Word for word, transcribe the listing that follows, minus any pictures.

> _Supplied material_:
========

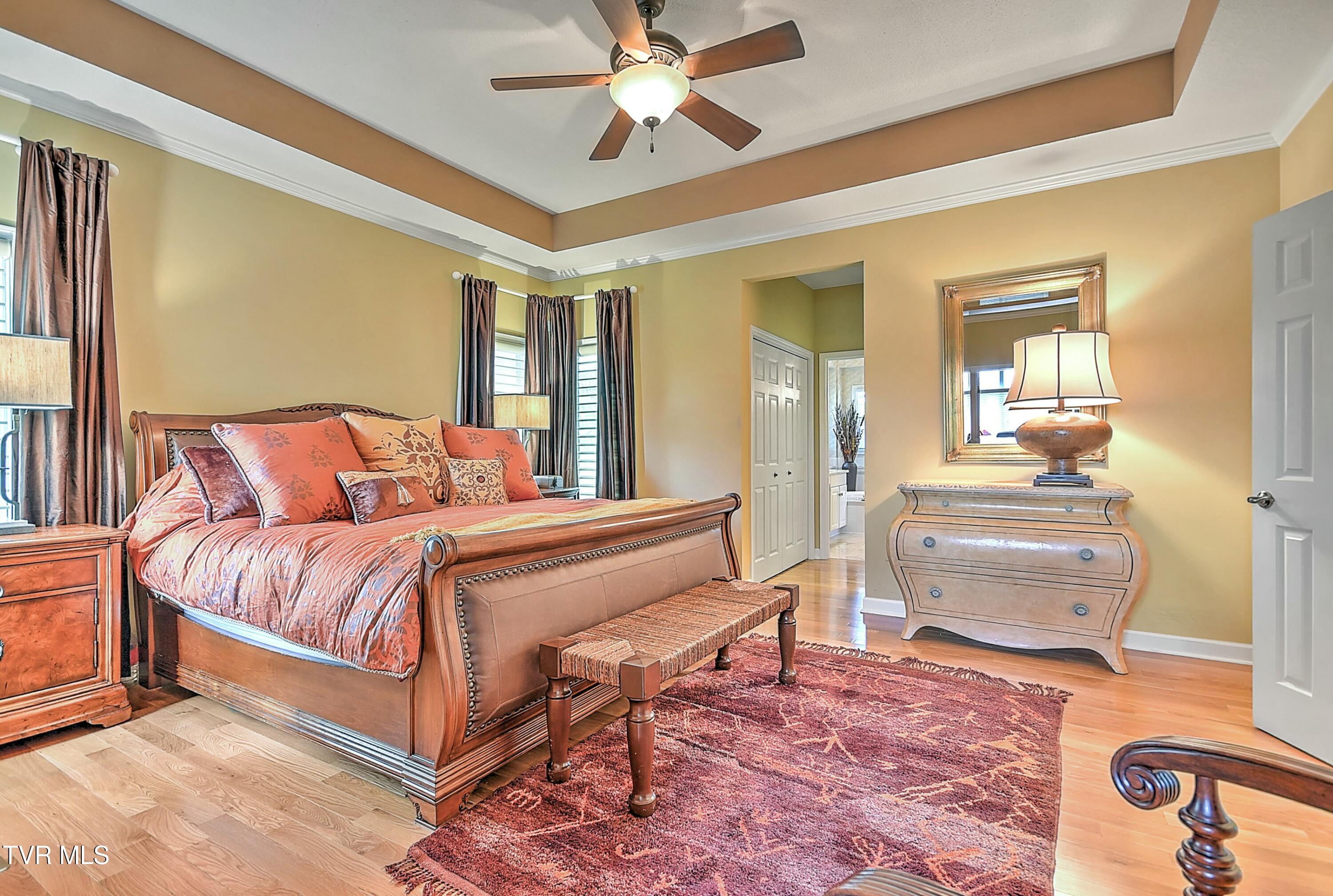 128 Ridgetop Drive, Johnson City, Tennessee image 30
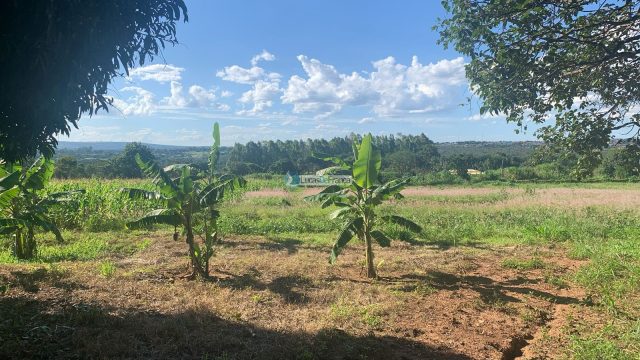 Chácara no Núcleo Rural Santos Dumont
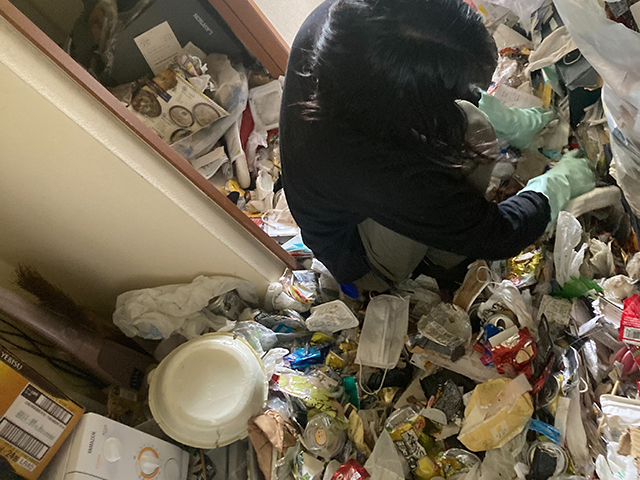 ①分別に関する取り組み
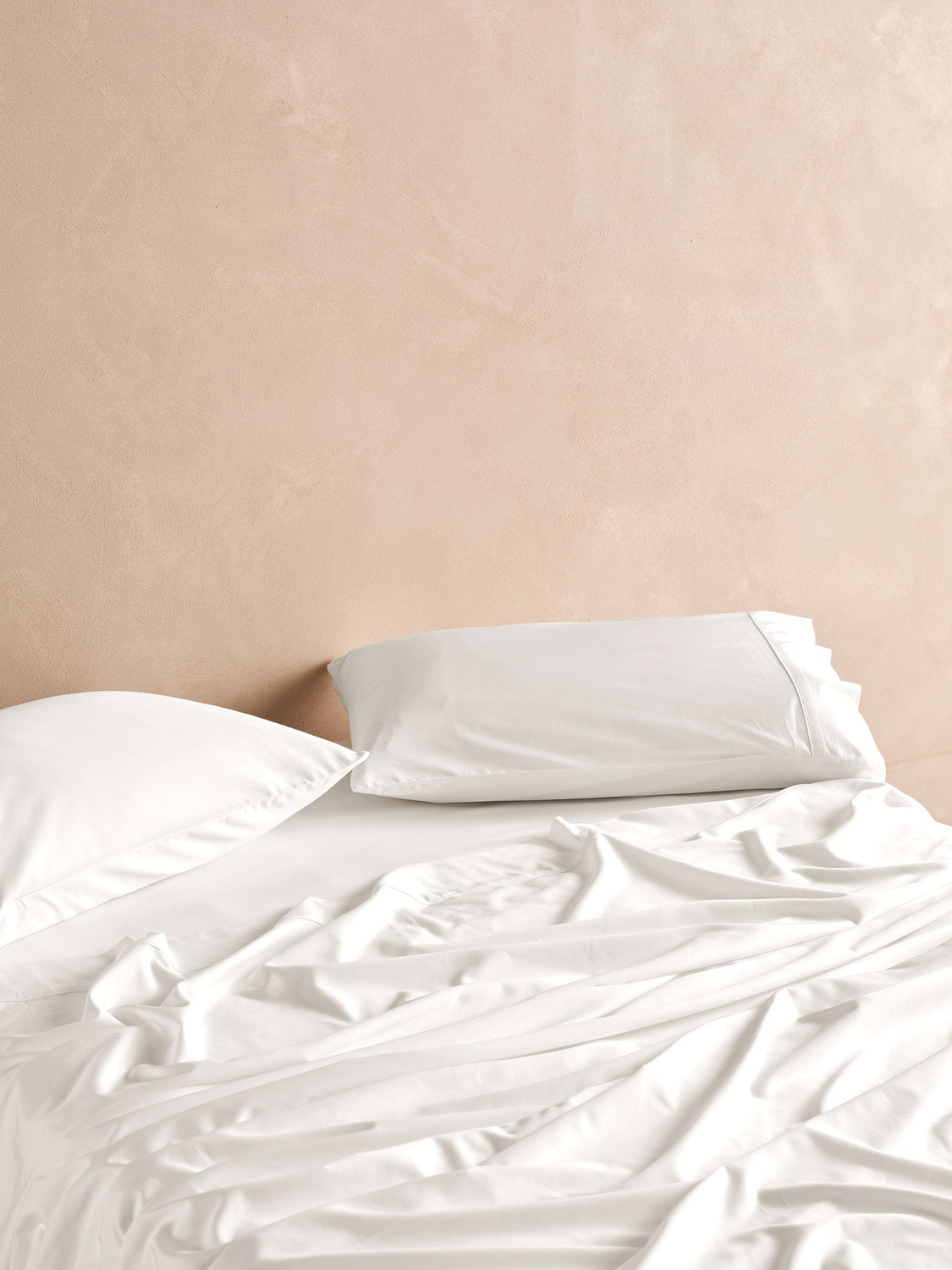 Haven Bamboo & Cotton Sateen Sheet Set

========

> _Solution below_:
 128 Ridgetop Drive, Johnson City, Tennessee image 30
 Chácara no Núcleo Rural Santos Dumont
 ①分別に関する取り組み
 Haven Bamboo & Cotton Sateen Sheet Set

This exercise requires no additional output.